MAFIA PERIKAAN: Modus Operandi Praktek Illegal License


 http://www.dnaberita.com/foto_berita/72DSC00122.JPG

FORUM Pers Pemerhati Pelanggaran Perikanan Nasional (FP4N) akhirnya menemukan modus terbaru yang digunakan oleh perusahaan perikanan yang ada dibeberapa daerah seperti Kabupaten Kepulauan Aru, Kota Tual, Kota Ambon, Kabupaten Merauke dan Kabupaten Natuna untuk menguras kekayaan laut di Indonesia. Modus yang digunakan tersebut adalah modus “illegal license”, yang mana arti dari “illegal license” adalah penyalahgunaan izin dan atau cara mendapatkan izin dari Kementerian Kelautan dan Perikanan Republik Indonesia yang tidak sesuai dengan aturan main.
Ketua FP4N, Ivan Rishky Kaya kepada Indonesia Maritime Magazine menjelaskan, terungkapnya modus “illegal license” ini setelah data-data yang diminta secara resmi dari beberapa instansi dan perusahaan perikanan serta hasil investigasi di lapangan yang kemudian dikaji maka ditemukanlah praktek yang sudah merugikan negara  ratusan triliun rupiah ini.

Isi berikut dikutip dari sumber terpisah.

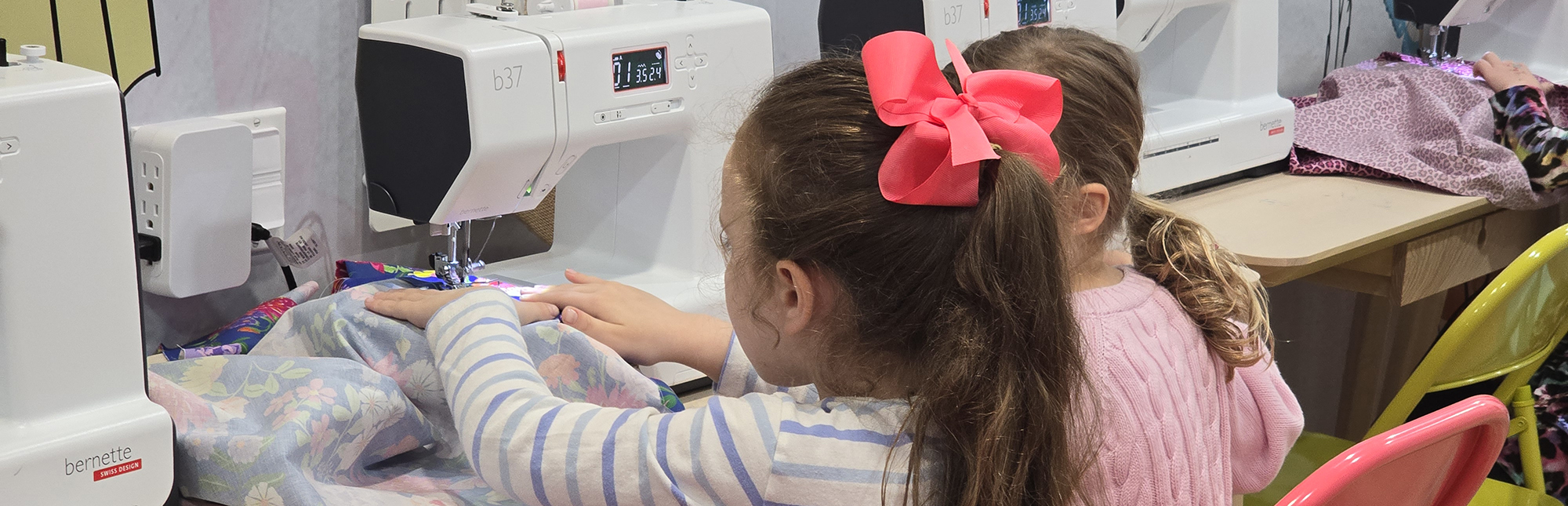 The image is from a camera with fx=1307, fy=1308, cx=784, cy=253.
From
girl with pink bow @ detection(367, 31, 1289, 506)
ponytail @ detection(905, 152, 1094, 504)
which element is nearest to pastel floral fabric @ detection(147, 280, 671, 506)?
girl with pink bow @ detection(367, 31, 1289, 506)

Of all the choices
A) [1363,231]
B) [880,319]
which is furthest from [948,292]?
[1363,231]

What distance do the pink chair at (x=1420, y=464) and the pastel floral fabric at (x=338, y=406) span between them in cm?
50

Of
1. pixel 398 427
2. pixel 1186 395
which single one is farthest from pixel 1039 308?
pixel 398 427

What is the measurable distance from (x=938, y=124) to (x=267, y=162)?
0.82m

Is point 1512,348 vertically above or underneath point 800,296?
underneath

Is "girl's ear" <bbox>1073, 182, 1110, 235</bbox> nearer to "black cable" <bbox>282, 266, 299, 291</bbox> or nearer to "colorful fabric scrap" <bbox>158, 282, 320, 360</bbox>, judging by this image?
"colorful fabric scrap" <bbox>158, 282, 320, 360</bbox>

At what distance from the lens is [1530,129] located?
6.59 ft

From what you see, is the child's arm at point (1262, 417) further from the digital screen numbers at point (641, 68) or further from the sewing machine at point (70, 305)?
the sewing machine at point (70, 305)

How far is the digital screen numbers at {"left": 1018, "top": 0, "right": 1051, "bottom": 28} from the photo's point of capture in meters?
1.67

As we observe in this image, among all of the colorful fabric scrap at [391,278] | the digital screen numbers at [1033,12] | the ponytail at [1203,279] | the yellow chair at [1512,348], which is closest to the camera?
the ponytail at [1203,279]

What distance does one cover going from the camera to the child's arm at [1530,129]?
6.42ft

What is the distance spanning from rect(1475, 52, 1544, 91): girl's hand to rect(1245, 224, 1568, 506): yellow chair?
0.69m

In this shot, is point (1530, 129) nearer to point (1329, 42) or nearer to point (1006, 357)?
point (1329, 42)

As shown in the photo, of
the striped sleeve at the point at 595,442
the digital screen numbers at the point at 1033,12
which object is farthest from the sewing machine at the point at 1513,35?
the striped sleeve at the point at 595,442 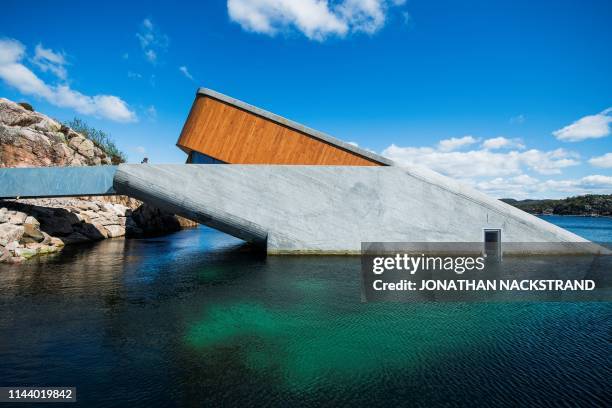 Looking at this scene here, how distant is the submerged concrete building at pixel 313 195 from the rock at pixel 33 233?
5.86 meters

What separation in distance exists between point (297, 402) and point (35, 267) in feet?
52.8

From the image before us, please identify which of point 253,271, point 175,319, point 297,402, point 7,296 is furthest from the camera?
point 253,271

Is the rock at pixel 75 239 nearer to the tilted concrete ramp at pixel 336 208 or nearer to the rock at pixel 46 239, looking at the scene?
the rock at pixel 46 239

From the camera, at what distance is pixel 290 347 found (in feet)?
22.2

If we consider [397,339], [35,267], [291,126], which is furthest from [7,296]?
[291,126]

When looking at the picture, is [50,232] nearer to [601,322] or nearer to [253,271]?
[253,271]

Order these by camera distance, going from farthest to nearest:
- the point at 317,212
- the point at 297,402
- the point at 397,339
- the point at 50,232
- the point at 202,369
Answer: the point at 50,232
the point at 317,212
the point at 397,339
the point at 202,369
the point at 297,402

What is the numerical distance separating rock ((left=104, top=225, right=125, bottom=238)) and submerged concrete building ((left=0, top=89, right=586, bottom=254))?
1200 centimetres

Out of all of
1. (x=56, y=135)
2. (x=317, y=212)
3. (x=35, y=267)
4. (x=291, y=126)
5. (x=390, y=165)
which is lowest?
(x=35, y=267)

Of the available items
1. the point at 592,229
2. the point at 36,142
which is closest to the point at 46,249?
the point at 36,142

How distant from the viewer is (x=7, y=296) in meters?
10.4

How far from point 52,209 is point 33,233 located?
493 centimetres

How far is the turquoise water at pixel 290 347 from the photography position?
5105 millimetres

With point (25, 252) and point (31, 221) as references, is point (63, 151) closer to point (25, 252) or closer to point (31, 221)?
point (31, 221) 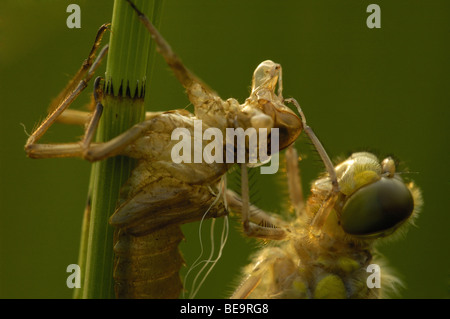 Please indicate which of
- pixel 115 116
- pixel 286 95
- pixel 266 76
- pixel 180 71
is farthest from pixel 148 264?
pixel 286 95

“Kalau saat ini kita mendengar berbagai mafia seperti pajak, hukum, pemilu, maka dibidang perikanan diduga ada oknum-oknum tertentu di Kementerian Kelautan dan Perikanan Republik Indonesia yang bisa dikategorikan sebagai Sindikat dari Mafia Perikanan karena membekingi pelaku illegal license,” papar Ivan.
Ivan menjelaskan, yang dimaksud dengan illegal license adalah manipulasi izin atau penyalahgunaan izin. Kapal tangkap milik perusahaan perikanan yang beroperasi di Indonesia, sebagian besar hanya mengantongi izin formal dari Kementerian Kelautan dan Perikanan Republik Indonesia yang didapat dengan cara mudah, namun setelah melakukan impor kapal asing, mereka (perusahaan perikanan yang beroperasi di Indonesia) tidak membangun atau mengembangkan industrinya yang mengakibatkan daerah-daerah sentra tangkapan (Laut Arafura, Laut Natuna, Laut Banda, Laut Maluku dan Laut Papua) tetap menjadi daerah miskin. Jika ada, izin tersebut didapati dengan cara-cara yang tidak sesuai mekanisme atau tidak sesuai aturan yang berlaku.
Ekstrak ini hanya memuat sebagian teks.